History section is one sided

The current History section does not mention any historical objections to animal testing, whereas the linked main article does. So clearly there is a problem. Crum375 (talk) 23:55, 12 December 2007 (UTC)[reply]

The section doesn't mention any historical arguments for animal testing either. What it does is summarize how animal testing has been used historically (whether that is a good or necessary thing, whether it is ultimately useful or misleading, whether it is cruel or immoral, is not mentioned either way). It comes down to the same question: are we talking about the history of animal testing as a scientific technique (which is what I originally wrote last year and what that section summarizes) or are we talking about the history of the debate over animal testing? Describing historical experiments neutrally is not the same as advocating them. Rockpocket 00:17, 13 December 2007 (UTC)[reply]
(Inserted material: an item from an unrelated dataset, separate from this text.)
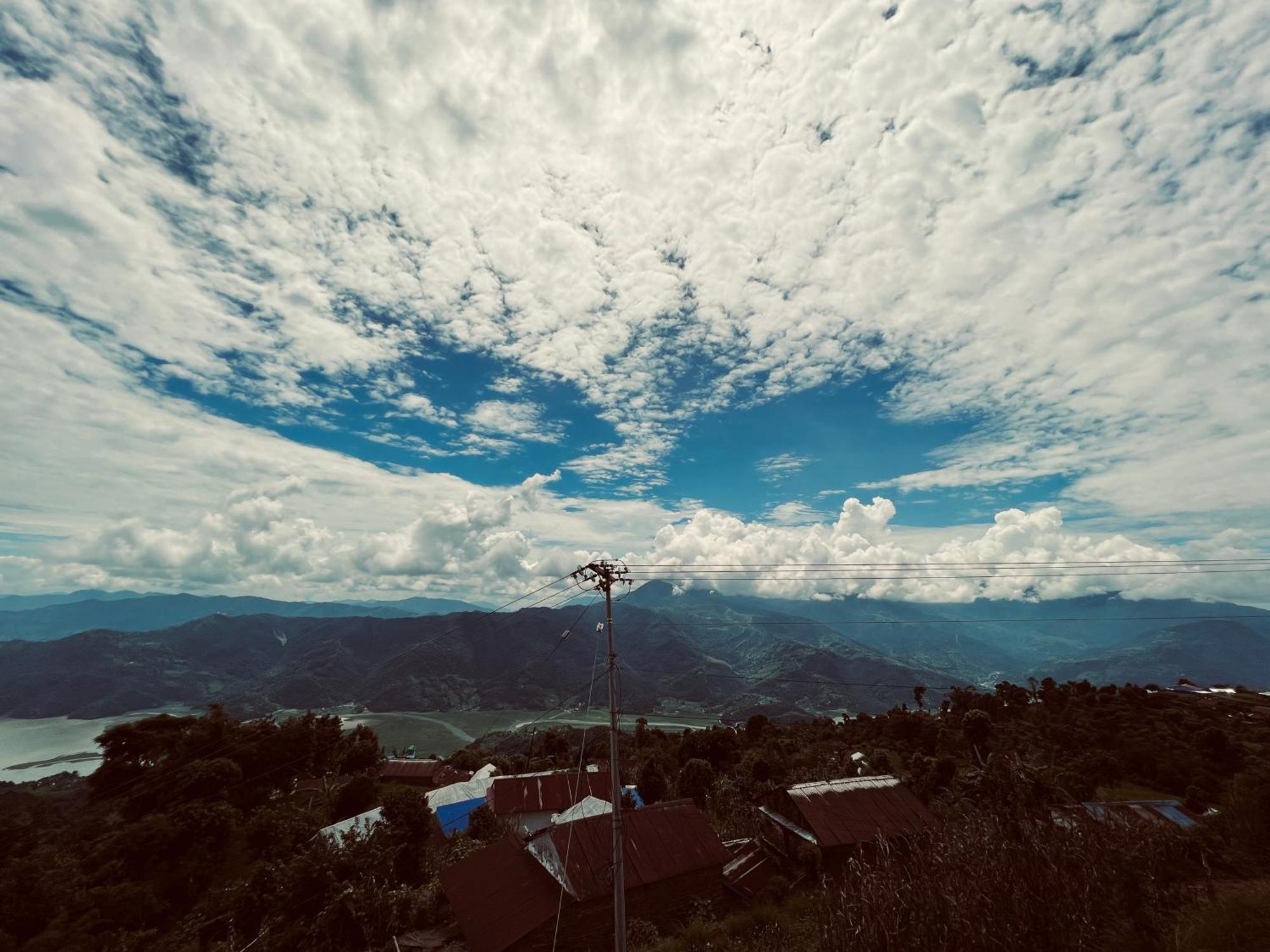 Sarangkot Toripani Homestay Pokhara Exteriör bild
I think an anti-AT person would probably say that the current History section sounds like a pro-testing advertisement. But in any case, whatever the target — strict description of what AT is, vs. including pro and con arguments — my point was that the linked history section seems to have the wider coverage, while I think they should both have matching scopes. Crum375 (talk) 00:30, 13 December 2007 (UTC)[reply]
I'll also weigh in slightly on the scope issue. It seems to me that if the scope is strictly what AT is, then we should only mention the techniques used and the types of tests. Once we start mentioning results, or achievements, that gets into the ethical debate of cost vs. benefit. Crum375 (talk) 00:34, 13 December 2007 (UTC)[reply]
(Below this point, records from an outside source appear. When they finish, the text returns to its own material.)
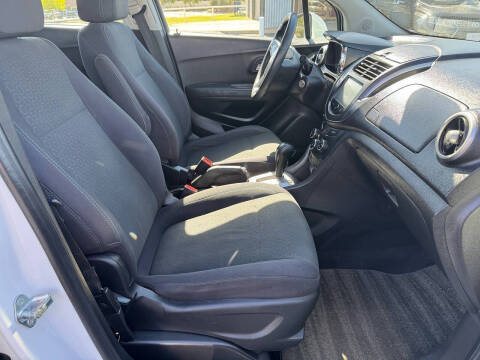 2015 Chevrolet Trax LS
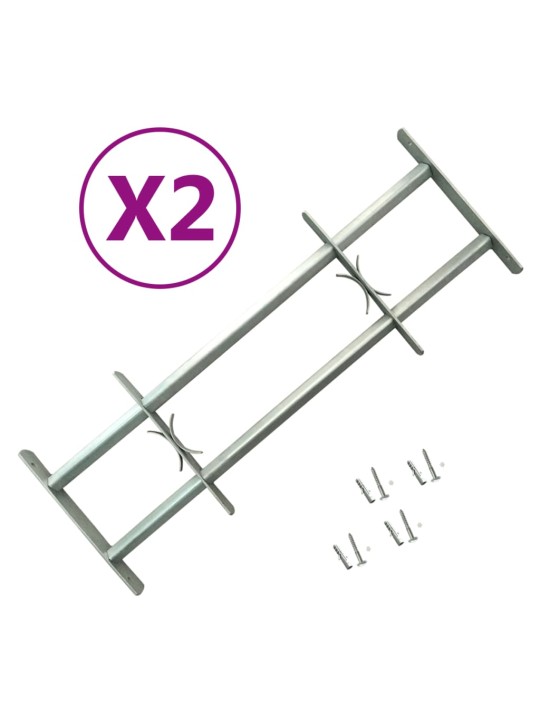 REGULEERITAVAD TURVATRELLID AKENDELE 2 TK 700-1050 MM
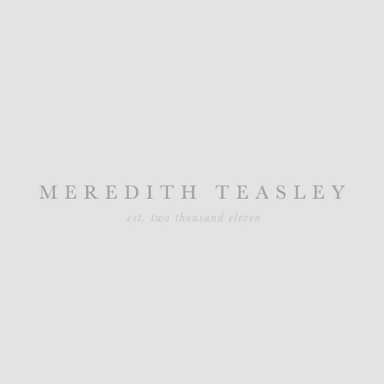 Meredith Teasley Photography logo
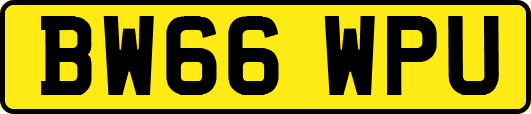BW66WPU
But therein lies the crux, an experiment with animals is not an end in itself, the results is the whole point of the experiment. It would be utterly uninformative to remove the why from the what:
In the 1880s, Louis Pasteur gave anthrax to sheep. In the 1890s, Ivan Pavlov famously used dogs.... On November 3, 1957 a Russian dog, Laika, was experimented on. In the 1970s, armadillos were used. In 1996 Dolly the sheep was born.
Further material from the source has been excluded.